● YOUR GOAL
Your reply should reproduce the data below without a single alteration, apart from dropping the images.

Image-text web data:
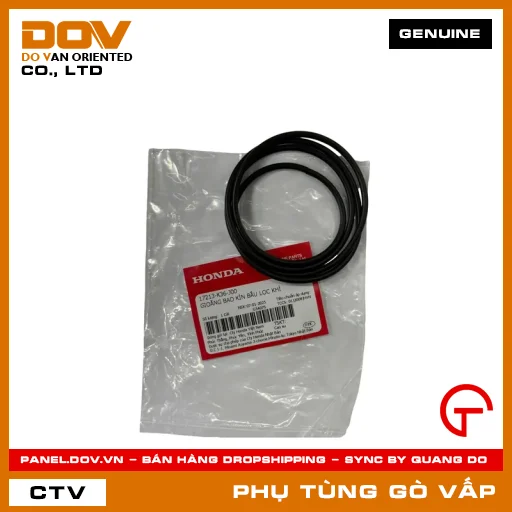 GIOĂNG (RON) BAO KÍN BẦU LỌC GIÓ MÃ PHỤ TÙNG 17213K36J00 — 17213K36J00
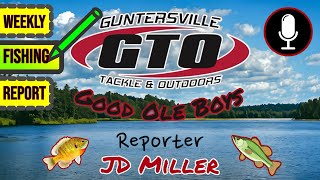 Weekly Fishing Report with JD Miller [upl. by Noraf568]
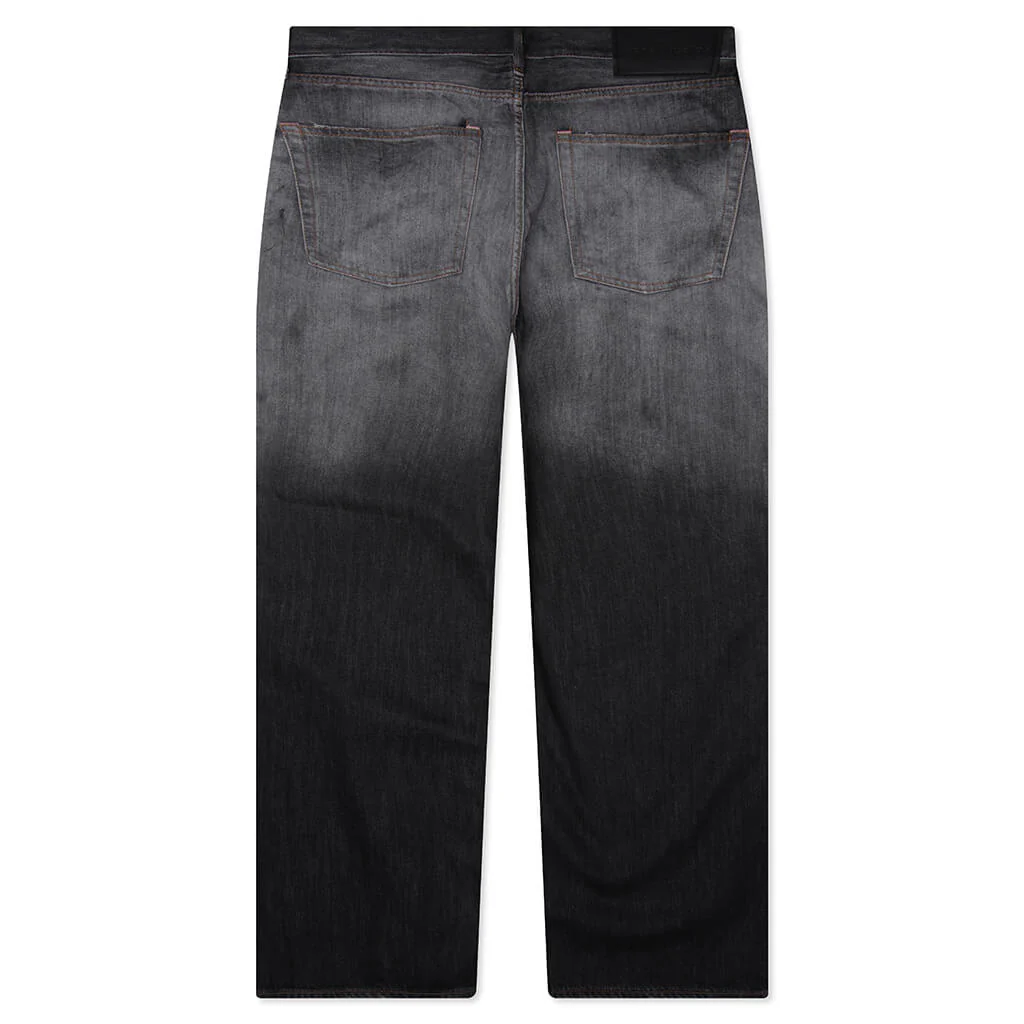 1981 U Black Trafalgar Loose Fit Jeans - Black - Image 2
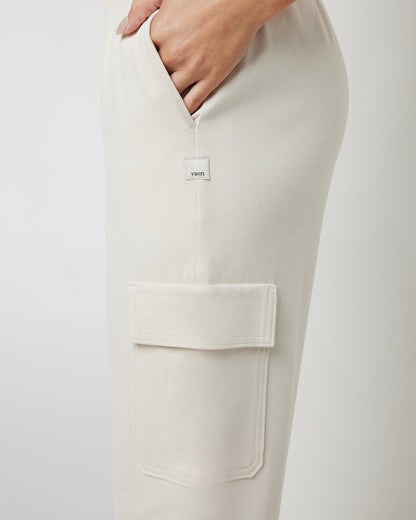 Boyfriend Cargo Sweatpant Milkweed Heather - Vuori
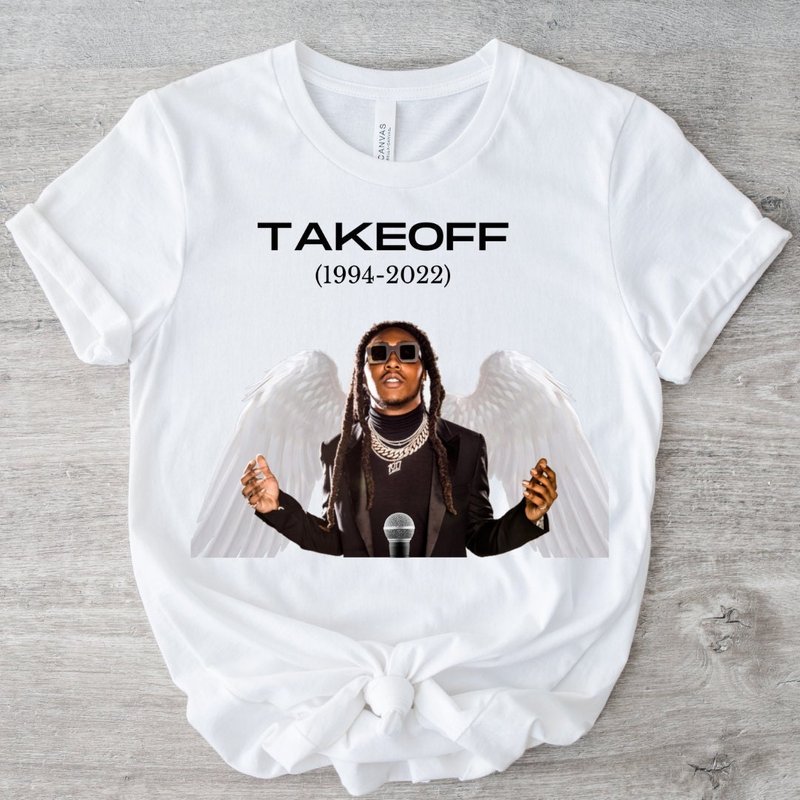 Takeoff Migos Tribute T-shirt — Mens T Shirts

● ANSWER BELOW
 GIOĂNG (RON) BAO KÍN BẦU LỌC GIÓ MÃ PHỤ TÙNG 17213K36J00 — 17213K36J00
 Weekly Fishing Report with JD Miller [upl. by Noraf568]
 1981 U Black Trafalgar Loose Fit Jeans - Black - Image 2
 Boyfriend Cargo Sweatpant Milkweed Heather - Vuori
 Takeoff Migos Tribute T-shirt — Mens T Shirts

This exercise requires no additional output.